I much appreciated witnessing the victor’s anger, frustration, and sorrow over what he was forced to do. And the last scene in the film between the leads is magnificent. There is no other word for it… Liv Tyler is absolutely phenomenal as she professes that she will remain faithful to her husband, even though her heart belongs to another.
Fiennes’ sister directed the film, and his claims that she has a sensual power over the camera are true. Every frame is full of romantic intensity. I do question her reasoning for moments of complete silence, and the soundtrack at times is horrible, but overall I was impressed. Content-wise, for an R-rated film “Onegin” is wonderfully free of vulgar content. Some mild profanity and an occasional abuse of God make their way into the screenplay. There’s some brief breast nudity shown in pencil drawings.
The opening scene finds Onegin and his friends non-graphically joking about sexual intrigues. The reason for the rating comes from the pistol dueling scene, when one man is shot in the side of the head. We briefly see the impact before he falls to the ground; we witness blood crusting the side of his face in a later shot.
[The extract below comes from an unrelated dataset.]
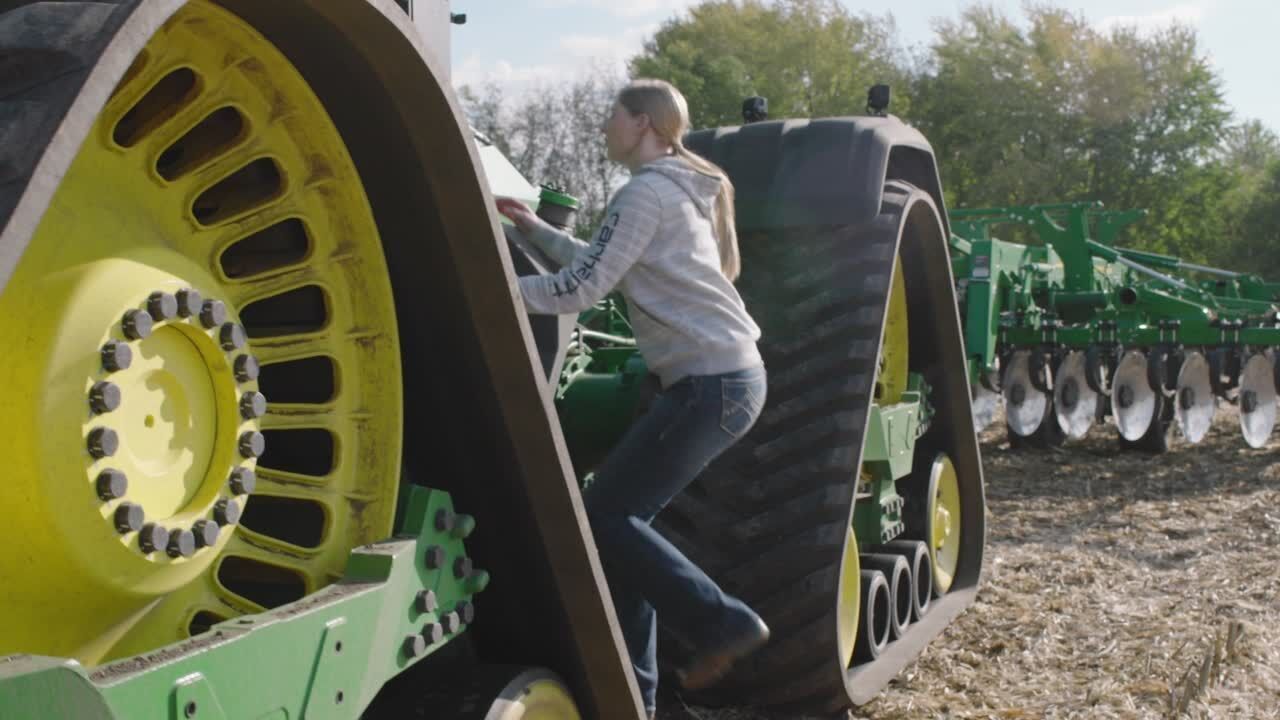 John Deere 9RX tractor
A corpse is briefly viewed in a funeral parlor. One scene finds Tatyana and her husband in a romantic tryst. They kiss and embrace with her in his lap but no nudity or motion is apparent. (He does have his shirt off.) The period gowns are usually acceptable but one or two of them are rather low. There’s some mild innuendo, and Onegin is seen going into the home of a prostitute.
“Onegin” is a slow-moving epic with surprisingly few flaws. Those unaccustomed to the measured pacing of many period dramas will find it dull and bittersweet. But for me, the rewarding moment is when a woman chooses honor and commitment over fiery passion, and turns down a man’s plea. “I do love you,” she confesses, “but I am a married woman… and I will be faithful to my husband.” Wow. When was the last time we heard that come out of Hollywood?